Researcher
Professor Di Cook has been monitoring the COVID-19 data with her own web app. A link is provided to the source code, so others can download, run, modify, and learn how different plots and data wrangling are done.
The data is automatically extracted from different public sources, and plots are created in order to understand the progression and effect of the pandemic across the globe, and at least initially in Australia. This has been useful for several of our classes, where developing web apps for communicating data is being taught.
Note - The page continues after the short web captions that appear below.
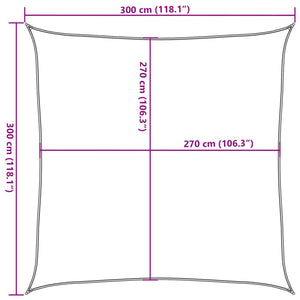 vidaXL Sunshade Sail 160 g/m² Square Light Grey 3x3 m HDPE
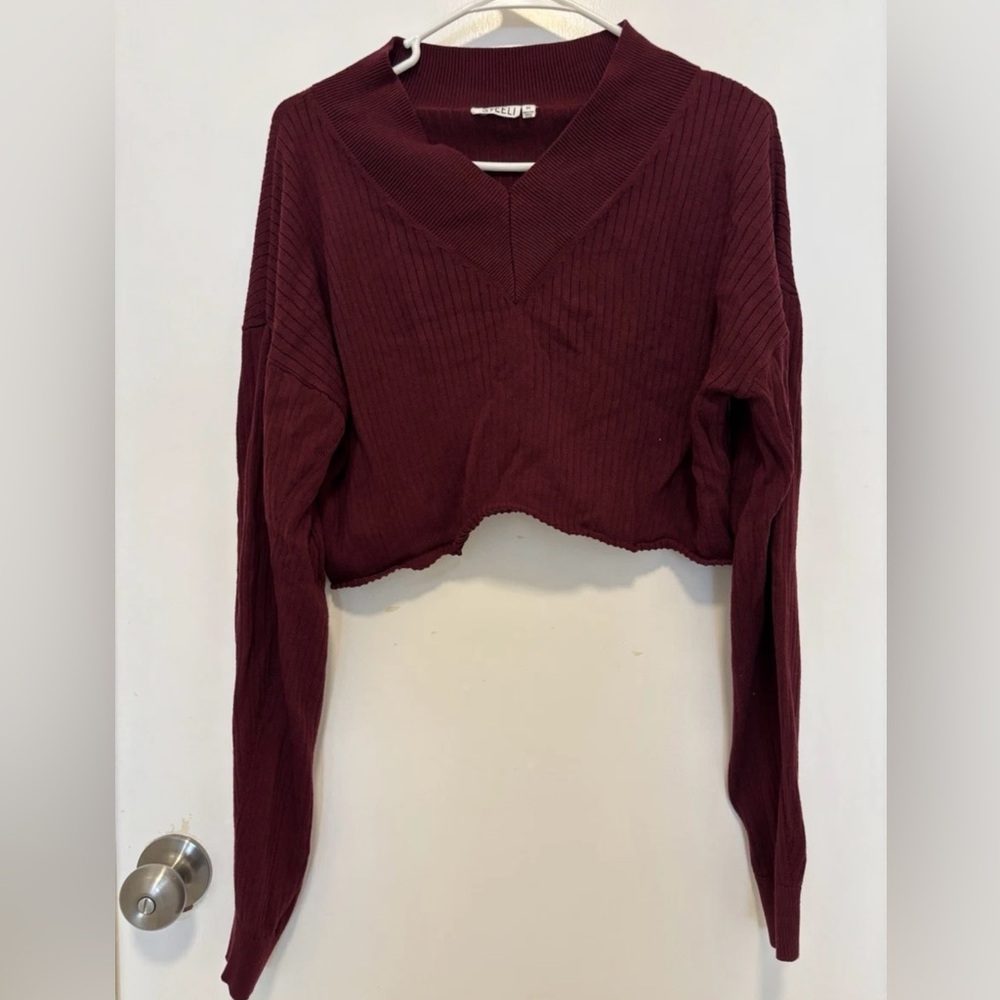 Medium Steeli burgundy cropped sweater top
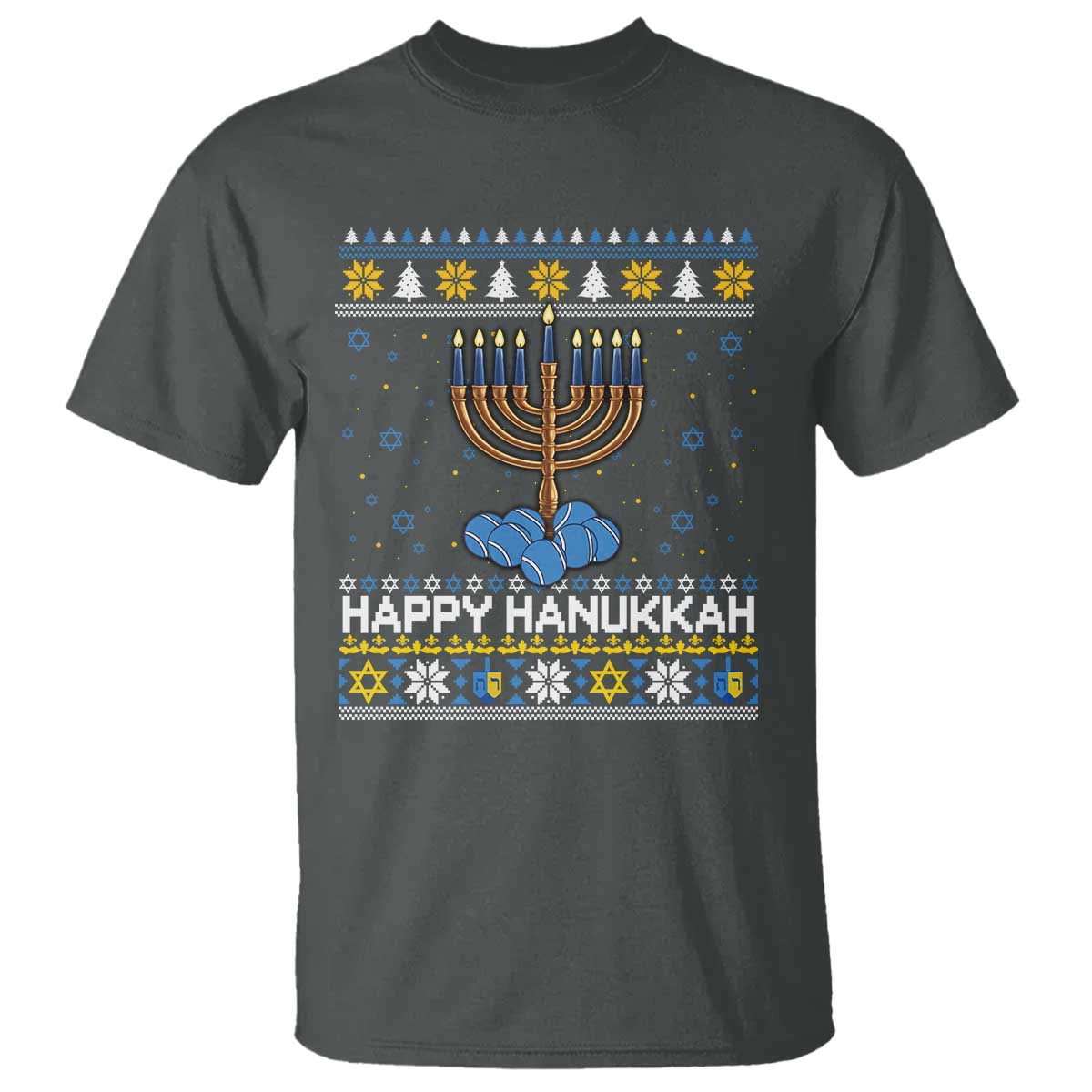 Funny Happy Hanukkah Ugly Sweater Tennis Lover Gift T Shirt TS12 Dark Heather Print Your Wear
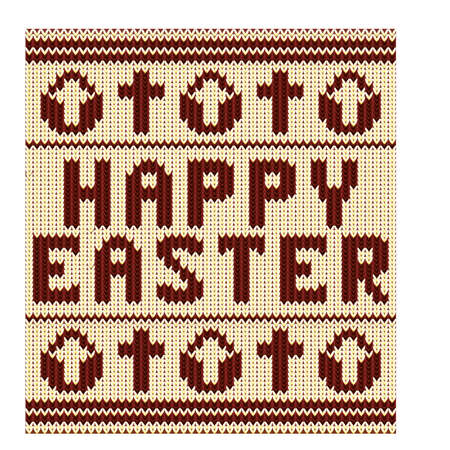 Happy Easter knitted background, vector illustrationのイラスト素材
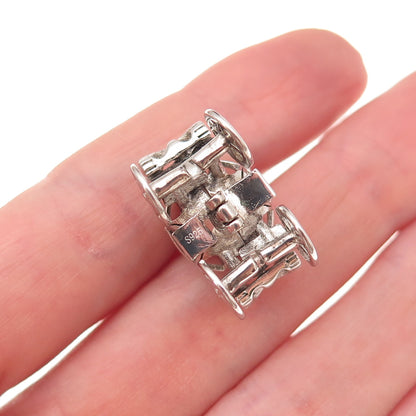 925 Sterling Silver Vintage C Z Cinderella Pumpkin Carriage Open Cage Pendant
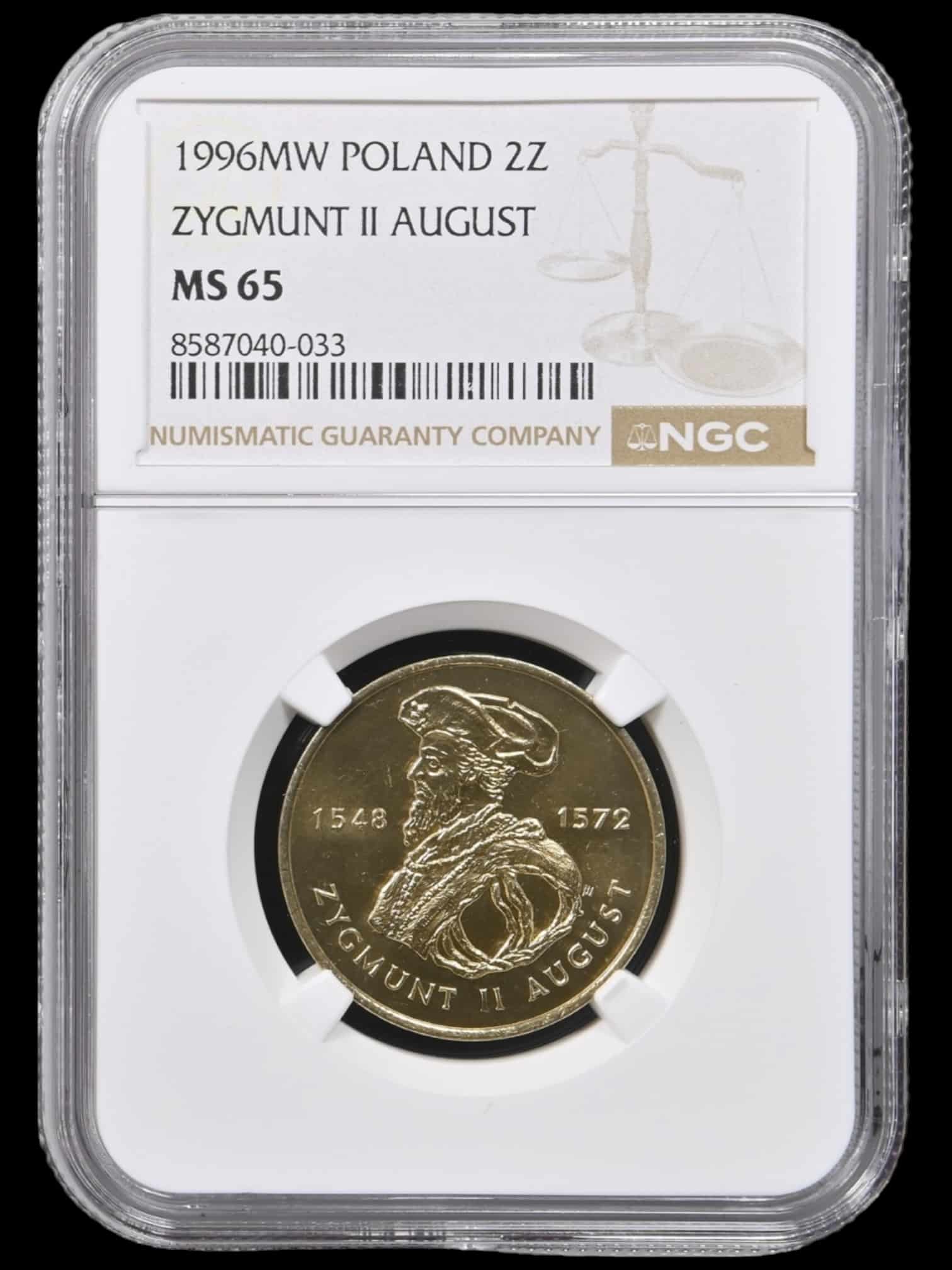 Polen, 2 zloty 1996, Zygmunt II August, "Nordic Gold", Parchimowicz 732, KM 306, Kva. 0, Graderet MS 65 af NGC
There are various conscious choices in the design: (1) focus on local, because we needed to get a better idea of the trend of incidence, testing and mortality in Australia in the early weeks when other web sites had little about us; (2) calibrate counts and tests by population so we could compare the response by state; (3) not process the data too much, which doesn't address the differences reporting between countries but also doesn't impose a belief; (4) focus on "not mortality rates" because that's more encouraging; (5) compare incidence and recovery rates for Australia with China, to get a sense for when we would expect the end of the crisis here; (6) pull data such as pedestrian traffic in Melbourne and compare with last year to see if people are heeding the government instructions. She has also pulled CO2 data to see if there is a climate benefit, but it's too early to tell. Data used in the app comes primarily from Johns Hopkins, with Australian data extracted from the rapid compilation made by the Monash FIT-led "The real-time COVID-19 status in Australia".